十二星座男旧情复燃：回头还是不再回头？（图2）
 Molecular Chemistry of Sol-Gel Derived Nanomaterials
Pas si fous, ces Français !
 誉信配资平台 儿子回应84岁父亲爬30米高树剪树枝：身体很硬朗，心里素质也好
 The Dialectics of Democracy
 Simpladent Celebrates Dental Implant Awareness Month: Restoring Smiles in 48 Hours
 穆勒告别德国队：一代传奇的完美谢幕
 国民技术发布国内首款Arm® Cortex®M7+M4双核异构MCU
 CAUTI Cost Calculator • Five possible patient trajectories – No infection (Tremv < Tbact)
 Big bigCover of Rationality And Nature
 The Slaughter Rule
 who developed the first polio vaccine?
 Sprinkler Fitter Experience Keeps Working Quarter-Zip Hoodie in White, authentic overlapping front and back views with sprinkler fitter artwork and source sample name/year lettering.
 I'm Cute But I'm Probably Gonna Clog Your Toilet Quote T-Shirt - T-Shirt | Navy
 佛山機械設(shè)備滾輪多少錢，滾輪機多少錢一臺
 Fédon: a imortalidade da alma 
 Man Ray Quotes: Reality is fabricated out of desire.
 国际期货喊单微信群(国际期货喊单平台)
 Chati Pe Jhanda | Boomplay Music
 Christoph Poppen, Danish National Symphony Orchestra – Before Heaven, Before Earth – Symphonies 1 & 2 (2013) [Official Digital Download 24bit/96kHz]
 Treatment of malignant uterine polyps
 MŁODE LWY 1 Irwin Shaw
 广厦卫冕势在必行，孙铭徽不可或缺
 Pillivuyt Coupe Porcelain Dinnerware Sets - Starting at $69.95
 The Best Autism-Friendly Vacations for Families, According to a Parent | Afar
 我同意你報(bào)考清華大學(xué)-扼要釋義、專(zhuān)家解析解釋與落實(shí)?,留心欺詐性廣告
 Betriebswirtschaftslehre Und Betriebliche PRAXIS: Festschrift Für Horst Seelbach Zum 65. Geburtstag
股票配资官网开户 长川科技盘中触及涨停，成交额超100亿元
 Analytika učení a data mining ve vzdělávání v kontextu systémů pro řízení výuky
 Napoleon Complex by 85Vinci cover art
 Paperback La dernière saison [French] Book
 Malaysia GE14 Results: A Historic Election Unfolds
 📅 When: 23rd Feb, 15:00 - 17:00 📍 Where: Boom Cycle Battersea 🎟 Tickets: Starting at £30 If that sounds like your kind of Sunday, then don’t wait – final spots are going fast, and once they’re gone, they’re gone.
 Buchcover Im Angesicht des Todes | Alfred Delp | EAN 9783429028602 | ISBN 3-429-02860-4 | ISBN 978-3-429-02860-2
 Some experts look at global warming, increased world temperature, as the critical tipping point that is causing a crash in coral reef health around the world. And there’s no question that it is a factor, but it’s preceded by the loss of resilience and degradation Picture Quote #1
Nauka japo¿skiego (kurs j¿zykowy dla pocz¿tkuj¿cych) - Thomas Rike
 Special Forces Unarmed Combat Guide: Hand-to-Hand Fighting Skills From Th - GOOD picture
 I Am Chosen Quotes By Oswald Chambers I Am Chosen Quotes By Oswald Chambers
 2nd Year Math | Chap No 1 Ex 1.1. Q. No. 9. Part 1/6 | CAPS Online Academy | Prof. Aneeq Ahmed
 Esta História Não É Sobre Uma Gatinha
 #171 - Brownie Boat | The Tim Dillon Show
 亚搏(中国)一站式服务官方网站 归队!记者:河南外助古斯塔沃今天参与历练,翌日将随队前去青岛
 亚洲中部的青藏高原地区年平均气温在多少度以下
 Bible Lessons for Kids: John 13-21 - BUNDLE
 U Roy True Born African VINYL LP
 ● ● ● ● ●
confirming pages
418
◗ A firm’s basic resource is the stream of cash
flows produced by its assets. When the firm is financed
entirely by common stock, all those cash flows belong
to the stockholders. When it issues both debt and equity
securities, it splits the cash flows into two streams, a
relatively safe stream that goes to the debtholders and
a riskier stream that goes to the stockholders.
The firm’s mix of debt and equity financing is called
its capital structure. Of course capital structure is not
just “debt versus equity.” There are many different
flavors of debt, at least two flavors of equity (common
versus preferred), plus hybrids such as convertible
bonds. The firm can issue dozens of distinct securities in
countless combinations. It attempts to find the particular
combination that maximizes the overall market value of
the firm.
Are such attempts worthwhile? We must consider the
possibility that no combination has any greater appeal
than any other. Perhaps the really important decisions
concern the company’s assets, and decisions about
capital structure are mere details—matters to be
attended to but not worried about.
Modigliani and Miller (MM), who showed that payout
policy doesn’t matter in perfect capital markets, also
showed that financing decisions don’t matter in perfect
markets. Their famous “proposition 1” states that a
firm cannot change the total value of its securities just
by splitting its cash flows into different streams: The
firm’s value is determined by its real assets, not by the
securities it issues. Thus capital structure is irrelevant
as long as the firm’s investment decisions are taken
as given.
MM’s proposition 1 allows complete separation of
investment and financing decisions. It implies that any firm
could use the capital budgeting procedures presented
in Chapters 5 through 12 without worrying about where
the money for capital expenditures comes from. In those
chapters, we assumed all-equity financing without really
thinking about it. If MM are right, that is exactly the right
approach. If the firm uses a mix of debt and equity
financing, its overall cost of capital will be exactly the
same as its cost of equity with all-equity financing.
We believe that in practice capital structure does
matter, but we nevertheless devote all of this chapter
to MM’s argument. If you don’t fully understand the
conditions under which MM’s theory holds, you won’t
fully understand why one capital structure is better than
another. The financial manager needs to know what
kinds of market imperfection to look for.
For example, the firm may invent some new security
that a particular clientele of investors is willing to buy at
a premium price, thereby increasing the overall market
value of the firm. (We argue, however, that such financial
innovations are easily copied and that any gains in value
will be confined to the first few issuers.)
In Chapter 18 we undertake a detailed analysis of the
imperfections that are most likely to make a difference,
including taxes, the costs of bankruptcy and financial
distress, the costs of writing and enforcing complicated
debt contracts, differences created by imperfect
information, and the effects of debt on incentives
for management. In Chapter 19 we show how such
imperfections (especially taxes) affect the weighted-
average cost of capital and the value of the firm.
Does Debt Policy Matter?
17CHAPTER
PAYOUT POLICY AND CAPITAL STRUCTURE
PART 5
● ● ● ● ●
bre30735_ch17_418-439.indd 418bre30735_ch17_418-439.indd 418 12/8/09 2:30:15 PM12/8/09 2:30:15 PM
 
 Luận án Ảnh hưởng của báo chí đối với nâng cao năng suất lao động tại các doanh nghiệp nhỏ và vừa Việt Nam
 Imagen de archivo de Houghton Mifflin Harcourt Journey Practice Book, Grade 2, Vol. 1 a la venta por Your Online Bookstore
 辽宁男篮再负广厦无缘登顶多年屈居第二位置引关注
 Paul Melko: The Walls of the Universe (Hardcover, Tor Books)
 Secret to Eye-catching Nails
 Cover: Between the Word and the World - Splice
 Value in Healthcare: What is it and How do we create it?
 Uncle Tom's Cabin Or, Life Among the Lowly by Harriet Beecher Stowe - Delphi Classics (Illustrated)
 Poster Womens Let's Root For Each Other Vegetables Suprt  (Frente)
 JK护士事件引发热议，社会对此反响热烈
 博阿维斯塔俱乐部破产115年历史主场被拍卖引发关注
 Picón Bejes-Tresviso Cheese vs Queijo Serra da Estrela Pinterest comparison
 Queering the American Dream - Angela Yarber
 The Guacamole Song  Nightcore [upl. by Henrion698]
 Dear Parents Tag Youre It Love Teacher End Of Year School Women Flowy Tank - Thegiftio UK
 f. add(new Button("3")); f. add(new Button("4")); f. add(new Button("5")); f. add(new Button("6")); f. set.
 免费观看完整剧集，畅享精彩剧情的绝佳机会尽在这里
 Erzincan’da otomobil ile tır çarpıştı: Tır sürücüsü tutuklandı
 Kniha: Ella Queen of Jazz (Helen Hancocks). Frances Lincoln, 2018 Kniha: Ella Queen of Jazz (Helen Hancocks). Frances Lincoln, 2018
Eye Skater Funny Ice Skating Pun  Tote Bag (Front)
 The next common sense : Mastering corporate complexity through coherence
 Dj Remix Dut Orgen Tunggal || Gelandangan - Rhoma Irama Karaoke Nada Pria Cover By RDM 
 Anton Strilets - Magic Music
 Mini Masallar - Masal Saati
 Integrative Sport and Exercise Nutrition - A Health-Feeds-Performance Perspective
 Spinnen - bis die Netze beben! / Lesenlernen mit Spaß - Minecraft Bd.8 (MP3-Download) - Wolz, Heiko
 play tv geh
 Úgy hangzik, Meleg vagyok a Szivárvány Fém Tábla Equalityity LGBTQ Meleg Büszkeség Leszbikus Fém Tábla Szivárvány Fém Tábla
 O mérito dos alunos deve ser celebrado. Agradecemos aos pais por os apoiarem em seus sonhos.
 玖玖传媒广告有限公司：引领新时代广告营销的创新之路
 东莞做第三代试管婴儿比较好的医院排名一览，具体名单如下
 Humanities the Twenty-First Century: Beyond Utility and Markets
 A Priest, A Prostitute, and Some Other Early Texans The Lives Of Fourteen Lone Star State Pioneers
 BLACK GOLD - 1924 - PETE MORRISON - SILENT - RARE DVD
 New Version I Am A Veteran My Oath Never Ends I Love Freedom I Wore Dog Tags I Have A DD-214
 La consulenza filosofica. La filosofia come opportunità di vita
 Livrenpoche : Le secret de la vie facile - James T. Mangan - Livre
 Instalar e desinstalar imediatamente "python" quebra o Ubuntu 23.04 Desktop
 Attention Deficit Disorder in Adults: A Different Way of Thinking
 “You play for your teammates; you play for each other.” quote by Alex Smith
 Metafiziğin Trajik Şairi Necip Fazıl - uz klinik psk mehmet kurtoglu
+-------+
**WHAT TO DO**
In the entries above, the lines between the one holding "我同意你報(bào)考清華大" and the one holding "Analytika učení a", inclusive, are to be printed exactly as written, and those alone.

**RESULT OF THE TASK**
 我同意你報(bào)考清華大學(xué)-扼要釋義、專(zhuān)家解析解釋與落實(shí)?,留心欺詐性廣告
 Betriebswirtschaftslehre Und Betriebliche PRAXIS: Festschrift Für Horst Seelbach Zum 65. Geburtstag
股票配资官网开户 长川科技盘中触及涨停，成交额超100亿元
 Analytika učení a data mining ve vzdělávání v kontextu systémů pro řízení výuky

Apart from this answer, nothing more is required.